We have learned, painfully, of the damage derivatives can do to an economy in a financial crisis. But derivatives are hurting the economy even on its best days, according to a new study.
In the crisis, derivatives exposures brought down giant financial institutions and markets, leading to the worst recession since the Great Depression. But derivatives are also weapons of slower, more insidious destruction: They drain cash away from productive segments of the economy into the financial sector, according to a new study by the progressive think tank Demos.
Derivatives can be opaque and confusing to even sophisticated investors, and the market for them is dominated by just a few of the biggest, savviest investors in the world. This combination allows banks to routinely overcharge their customers for the "innovation" of credit derivatives.
"Innovation has become a means to extract value from the markets," writes Demos fellow Wallace Turbeville, the paper's author and a former Goldman Sachs banker. This, he suggests, is sapping the economy's strength.
"Inefficiencies that transfer earnings to the financial sector are like a tax that redistributes wealth upward," he later adds. "This system cannot persist."
Financial derivatives are regularly touted as ways for banks, hedge funds and other investors to shed the risks they take on when they lend money, or gamble on corn futures or whatever. Through the magic of derivatives, these banks and investors have more money freed up to lend and gamble and otherwise just build a brighter tomorrow for us all.
In reality, though, the financial crisis showed that derivatives make the system way more dangerous by encouraging these banks and investors to pile up more and more risk. Their risk hasn't gone away; it has just been disguised.
But when they're not blowing up the economy, derivatives are also a nifty way for banks to funnel a constant stream of cash from their ill-informed customers.
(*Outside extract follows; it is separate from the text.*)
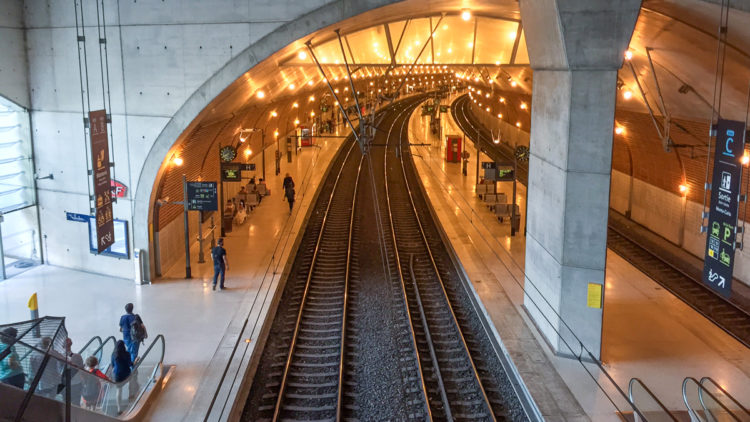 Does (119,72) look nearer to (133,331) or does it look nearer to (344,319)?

This business is dominated by four ginormous U.S. banks: JPMorgan Chase, Citigroup, Bank of America and Goldman Sachs, which together control more than 93 percent of the U.S. banking industry's derivatives market.
It may perhaps surprise you to learn that these banks are not charities! Instead, they extract a fee from the hedge funds or pension funds or other banks that seek the privilege of a derivatives contract for hedging risks or making fat stacks or whatever. What is this fee? Why, it's whatever these four big banks that dominate the market say it is, that's what. And if you don't like it, you can go on down to Mom & Pop & Toaster Savings & Loan and ask them for a derivatives contract and see how far you get.
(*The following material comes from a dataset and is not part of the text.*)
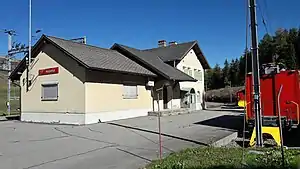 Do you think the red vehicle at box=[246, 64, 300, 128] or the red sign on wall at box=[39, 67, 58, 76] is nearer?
the red vehicle at box=[246, 64, 300, 128]

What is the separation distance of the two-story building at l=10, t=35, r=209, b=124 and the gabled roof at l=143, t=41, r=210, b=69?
600 centimetres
Actually, this shouldn't surprise you at all. Banks charge interest for loans, so it only makes sense for them to charge a little something for a derivative, which is essentially another form of credit. A derivative contract loses or adds value as the price it tracks changes. When it loses enough value, then the bank will demand that you pony up some money -- the dreaded "margin call" -- just as it does with a regular loan. This was exactly what nearly brought down AIG and the, whaddya call it, global economy.
So far, no big deal: Banks charge interest for loans, and they charge something like interest for derivatives. What's the problem?
The problem is that banks regularly charge up to 10 times as much in rent for derivatives as they do other forms of credit, the Demos paper suggests.
"Because the pricing of derivatives was so complex, customers almost never understood how much a bank charged for entering into the derivative," Turbeville writes. "This constitutes a massive distortion of the credit markets."
Demos sadly does not try to put a dollar amount on how much banks are draining from the economy with their derivatives business. "Many, many billions" seems like a safe guess. The paper cites a study by independent researcher Andrew Kalotay, who found that state and local governments had been overcharged $20 billion by banks between 2005 and 2010 alone. And that's just state and local governments, like the Denver Public Schools and Jefferson County, Alabama, two infamous municipalities that ended up as derivative roadkill. This estimate does not include the many, many other users of derivatives, from hedge funds to pension funds to other banks.
No wonder banks love derivatives so much and have fought so hard to keep them from being regulated. The Dodd-Frank financial-reform act tried to price derivatives more clearly, but banks have lobbied for and won so many exemptions that the law is pretty much useless, Turbeville writes.
He recommends closing the Dodd-Frank loopholes and setting up some other safeguards, including stricter accounting rules and maybe a new federal agency to keep an eye on how banks are fleecing state and local governments with derivatives. Probably none of these things will happen, at least until after the next crisis. In the meantime, the economy will continue to pay the price.